I like that they protect the world's innovators, and I like that they thwart those who try to use the technology we have created to monitor and control us. I'm also very happy to know that they're there to help us protect members of our community who are attacked for doing what they like to do.

Turk also notes that EFF Bootcamp, a one day training session presented by the foundation's attorneys has benefited him professionally because it helped him "understand the difference between enforcement and oppression."

It's precisely that kind of education that has kept the EFF going strong for 18 years. The first step in protecting our rights in the burgeoning age of technology is to understand how the things we invent and rely on have the potential to impact our freedoms.


(Log in to post comments)

EFF continues fight for rights and freedoms

Posted Aug 28, 2008 1:33 UTC (Thu) by darrick@us.ibm.com (guest, #23527) [Link]

I think you want to change the 9th paragraph: "when the news became pubic" -> "when the news became public"...

When spellcheckers fail...

Posted Aug 28, 2008 2:30 UTC (Thu) by pr1268 (subscriber, #24648) [Link]

Hehe... When spellcheckers fail, weird stuff happens.

Of course, I really can't conclusively say that Lisa was the "victim" of a dumb spellchecker.
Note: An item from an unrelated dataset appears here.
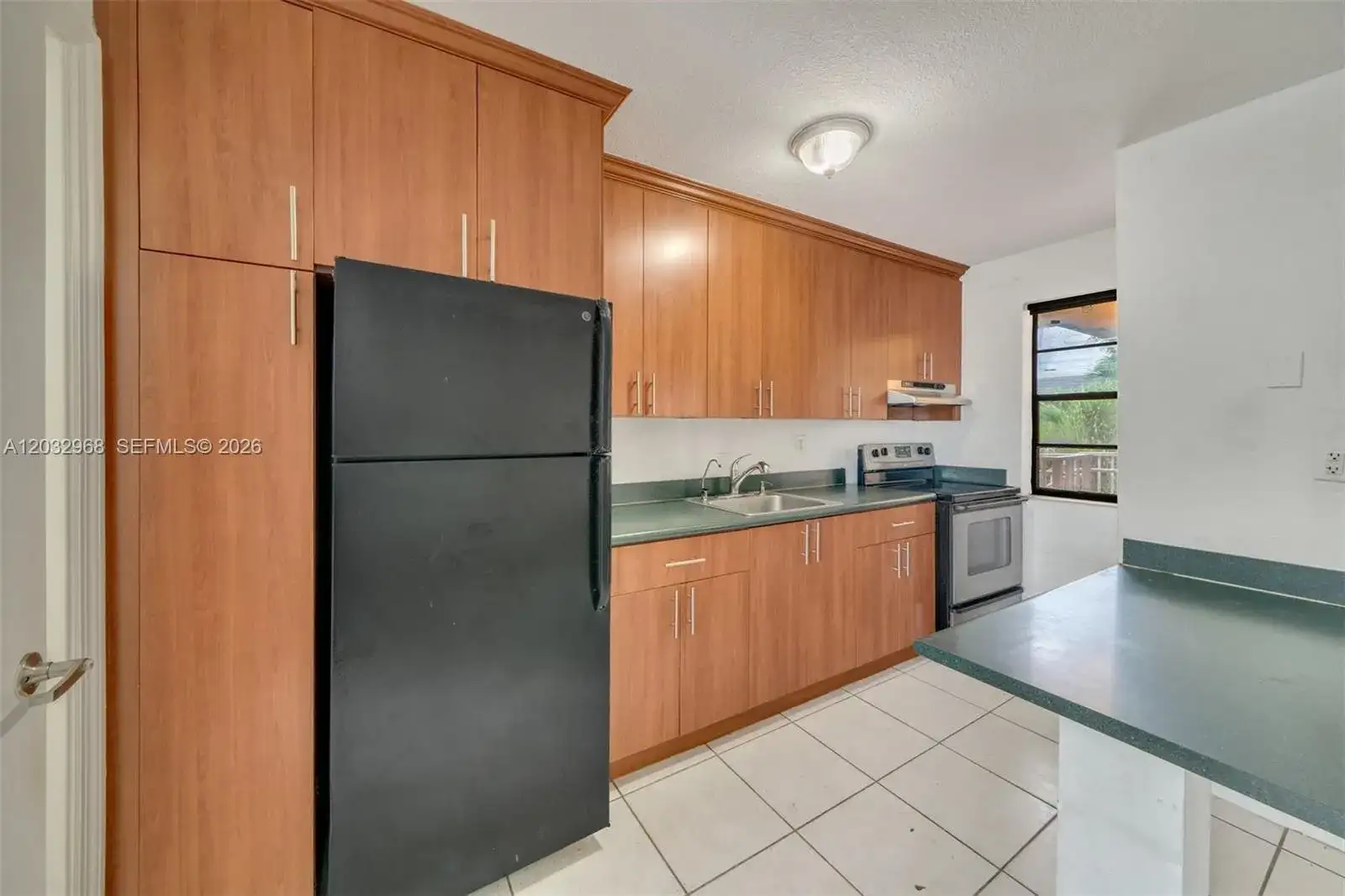 4081 N Dixie Hwy # 27, Oakland Park FL 33334 photo 5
And besides, the error you describe sounds like an honest typo mistake, which has since been corrected.

Nevertheless, I do wish to thank Lisa for her article. And, hoping that this will validate her efforts, I'm headed over to eff.org in a moment to make a donation--as I'm now among the ranks of the employed and can afford to do so.

EFF continues fight for rights and freedoms

Posted Aug 28, 2008 18:35 UTC (Thu) by lisah (guest, #52402) [Link]

Well, that will go under the heading "Things I Wish Had Never Happened" when I write my memoirs. :-)

Thanks for the catch.

Lisa

EFF continues fight for rights and freedoms

Posted Aug 28, 2008 8:09 UTC (Thu) by evgeny (guest, #774) [Link]

> [...] how Constitutional freedom applies [...]

I think it'd be nice to refrain from US specifics in such general (by intent) statements. Although not mentioned in the article, there is also EFF Europe...

EFF continues fight for rights and freedoms

Posted Aug 28, 2008 18:30 UTC (Thu) by lisah (guest, #52402) [Link]

I'll be covering European rights in my next article in this series.

~ Lisa

EFF continues fight for rights and freedoms

Posted Aug 29, 2008 15:26 UTC (Fri) by giraffedata (subscriber, #1954) [Link]

... it's no longer practical to say they're protecting "digital rights." Rebecca Jeschke, Media Relations Coordinator for the EFF, says, "Instead, in our increasingly networked world, they are simply 'rights.' ..."

I appreciate that "digital rights" may be redundant in an age where everything is digital, but I notice the EFF web page still claims its mission is based on "rights in the digital world," which is what I thought "digital rights" was an abbreviation for.

If EFF isn't about rights in the digital world, I don't know what it's about, because it clearly doesn't defend simply "rights" -- it necessarily opposes as many rights as it supports.